The fact that this season has three very different showmances shows just how vital/inevitable they are to the nature of this game. Hell, even Winston and Brett’s bromance qualifies. Half the reason Winston went home early was because their friendship was so deep that people knew they would take each other as far as they could in the game. Big Brother wouldn’t be Big Brother without a showmance or two.
Twists and their uses
Last, but most certainly never least, we must talk about the twists. Every year, CBS and the producers of the show want to keep the game fresh by adding in twists and turns that change the game. This season, those twists have come in the form of power apps and the Hacker competition.

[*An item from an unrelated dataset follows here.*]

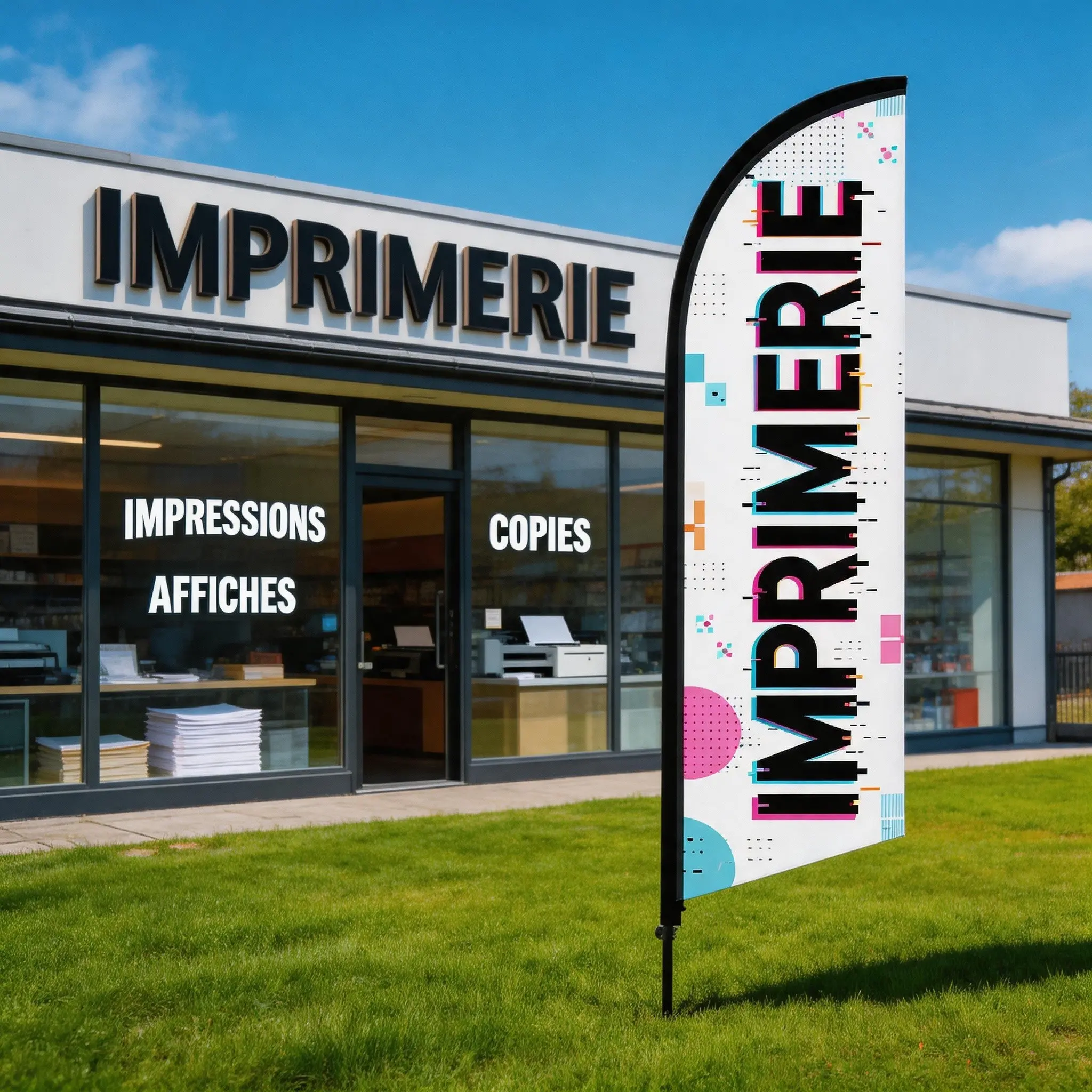 8.5 Ft Feather Flag, Polyester Waterproof Sunscreen Banner, Wind-Resistant Single-Sided Print, Customizable Outdoor Promotion Tool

The power apps added a wrinkle into early game play, and while they instigated a lot of talk and turmoil, they did very little to affect the game itself. Sam’s power app came and went without event as Kaitlin couldn’t complete her puzzle to return to the house, and Bayleigh was voted out before she could use her game-changing power app.
Tyler’s is the only one remaining, and while it could affect the game, it would only keep him safe, so it ultimately wouldn’t change much. I think the power apps are one of the most successful twists this show has come up with in 20 seasons. They caused a lot of problems for people who didn’t have them, but ultimately weren’t used in ways that altered the fabric of what makes Big Brother so much fun.
The Hacker comp may have been a bit much, and it definitely affected the game for its two weeks in effect, but at least it was a competition and not just a gifted power. If you’re going to hand out that kind of power, it needs to be an equal opportunity game like the Hacker comp was. In the future, I hope they limit giving one houseguest that much power again, but ultimately, the Hackers won their powers fair and square.
No matter who wins this season of Big Brother, it will definitely go down as one of the best seasons the show has ever produced. The game play has been heightened after last year’s dismal slog, and I hope the producers take note of what has made this season so much better.